→ TASK TO CARRY OUT
Set down the whole listing below exactly. The pictures stay out.

→ THE DATA
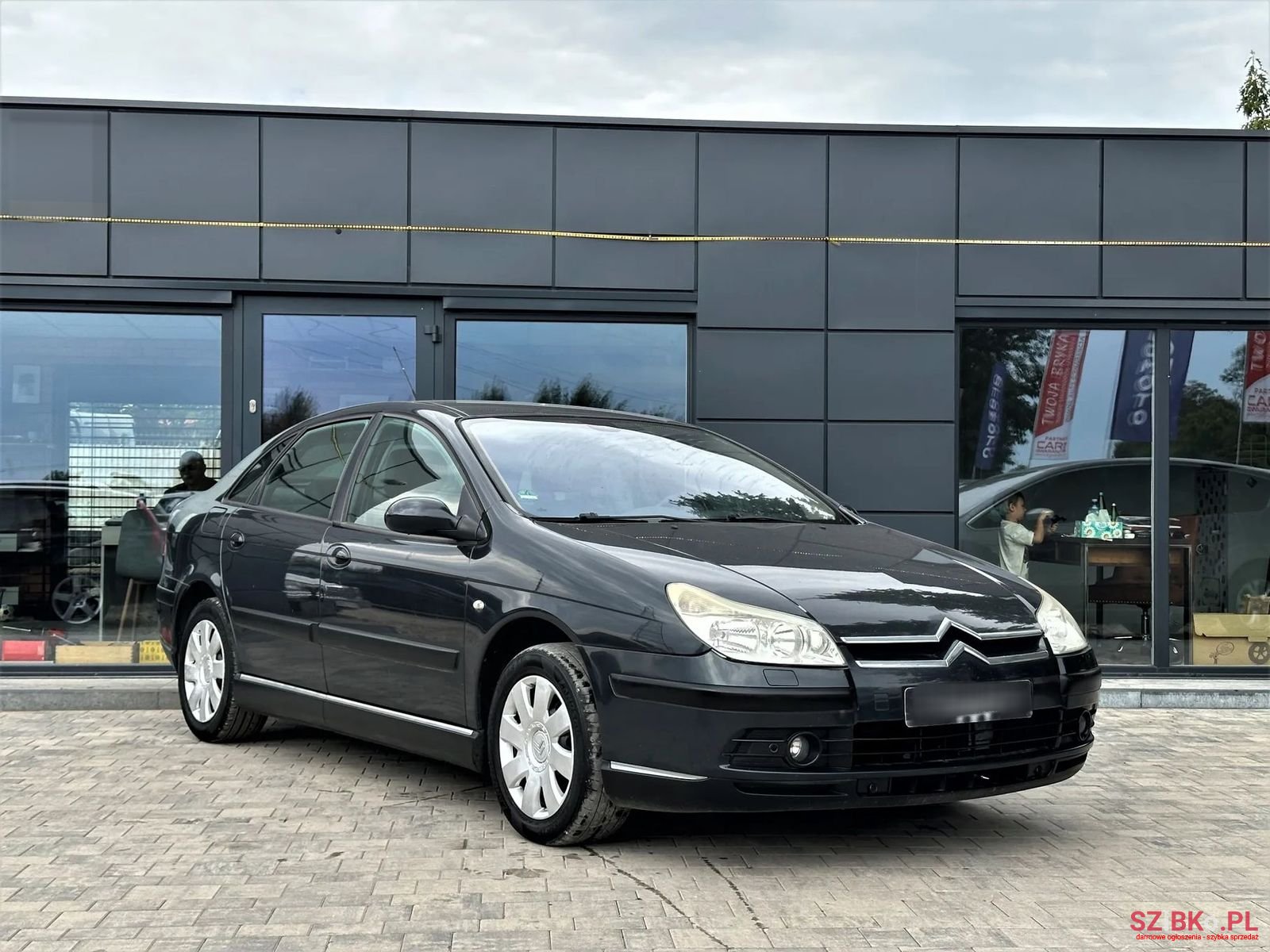 2005' Citroen C5 photo #4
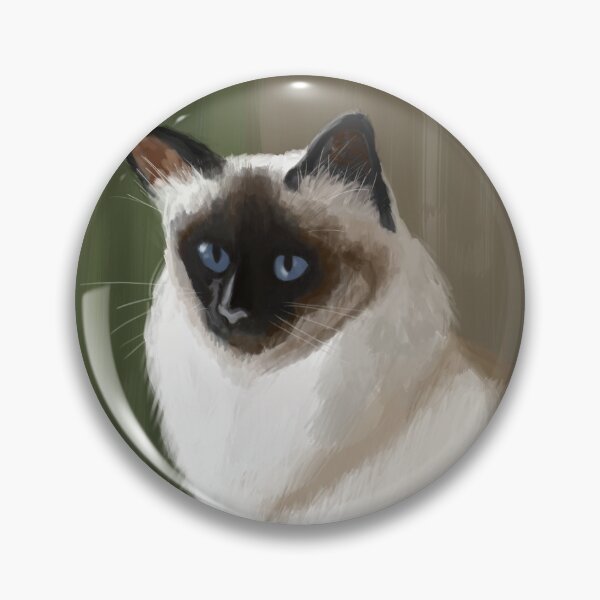 Item preview, Balinese Cat designed and sold by jp.art.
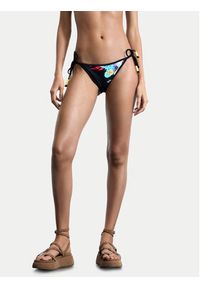 Desigual Dół od bikini Daikiri 26SWMK21 Czarny. Kolor: czarny. Materiał: syntetyk #6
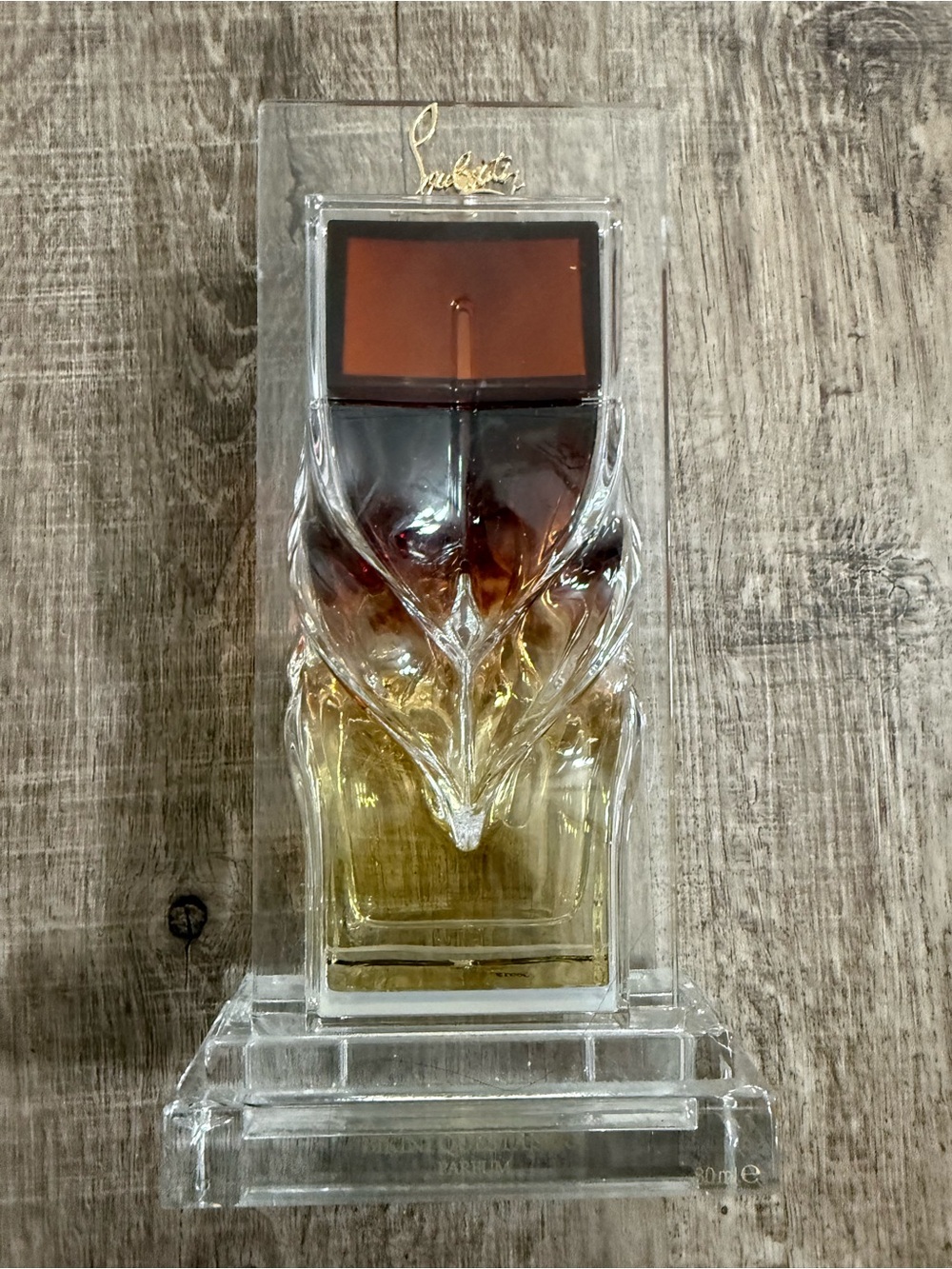 Unopened Christian Louboutin Bikini Questa Sera Parfum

→ EXERCISE RESPONSE
 2005' Citroen C5 photo #4
 Item preview, Balinese Cat designed and sold by jp.art.
 Desigual Dół od bikini Daikiri 26SWMK21 Czarny. Kolor: czarny. Materiał: syntetyk #6
 Unopened Christian Louboutin Bikini Questa Sera Parfum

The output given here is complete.